In my last post about Estimation Purposes – I spent a little time talking about the reason that our customer might want to estimate, and how estimation informs our conversation with the customer.
But the reason for estimation goes beyond the customer, and into our own management and leadership.
Listening to the #NoEstimates conversations that have been going on, I realized that most were focused on estimation only in the context of a project. As if the sole purpose of the estimate is to determine how much the project will cost, and how quickly it can be done.
On another post that I am working on I talk about management and leadership activities, things that are “meta” to the project and meta to the people who are doing the work. Forecasting. One of the things that managers are responsible for are forecasts. They need to compare their incoming budget forecast with their resource forecast. They need to plan when they onboard and release contract employees, and how leadership will be assigned to projects. They need to forecast how resources will be deployed so that all projects will have access to the skills required to get to done.
Estimates give them the ability to look ahead, to forecast, to plan, to lead.
Most of the people who have been speaking in the #NoEstimates conversation have been Doers and Leaders of work. Project managers, consultants, agile coaches and the like.
As a manager, I am responsible for acquiring talent who will complete the work. I am responsible for establishing the roles and the decision rights of the leaders who will lead the work. I am responsible for forming the teams that will do the work. I am responsible for ensuring that the teams implement and follow reasonable practices and processes while they are doing the work. Those are all activities that have a long time horizon. These activities need to be done in advance of the actual work that needs to be done (or there is additional risk in the work).
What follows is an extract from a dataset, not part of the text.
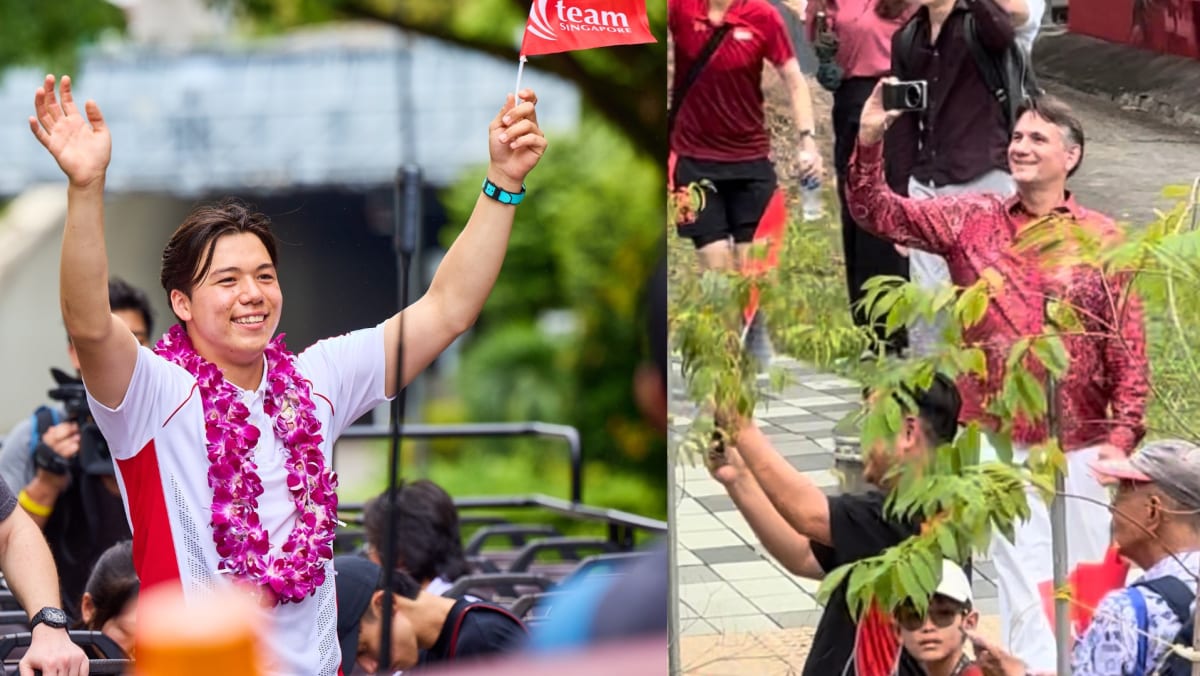 Max Maeder Didn’t See His Dad Waving To Him During The Celebratory Parade But Managed To Blow A Kiss To His Mum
In order to do this well, I need to understand the capacity of my team (currently), and the capacity of my leaders (ability to scale up). I need to have some idea of how much and what kind of work is pending to determine whether my current team has adequate skill and capacity to execute. I need to understand when team members will be occupied and when they are available. If, like many managers, my team is responsible for multiple systems, multiple concurrent projects and non-project work streams I need to predict how my resources will be deployed in time.
In order to do this, I need some idea of the size of a project that can be compared to my teams capacity. That is an estimate.
Of course this forecast is not static. It is not a project plan or a backlog. It is a very dynamic, quickly changing view of my teams ability to take on new work. That requires that I have reasonable estimates for the work that is underway, lower fidelity estimates for the work I have already committed to but not started, and swag estimates for work that is on the “horizon”. It is perfectly rational and normal that the precision and fidelity of these estimates and notions of capacity decline the further out we go in time.
Oh, wait – no body in your organization has a forecast? I guess then estimates are not so important.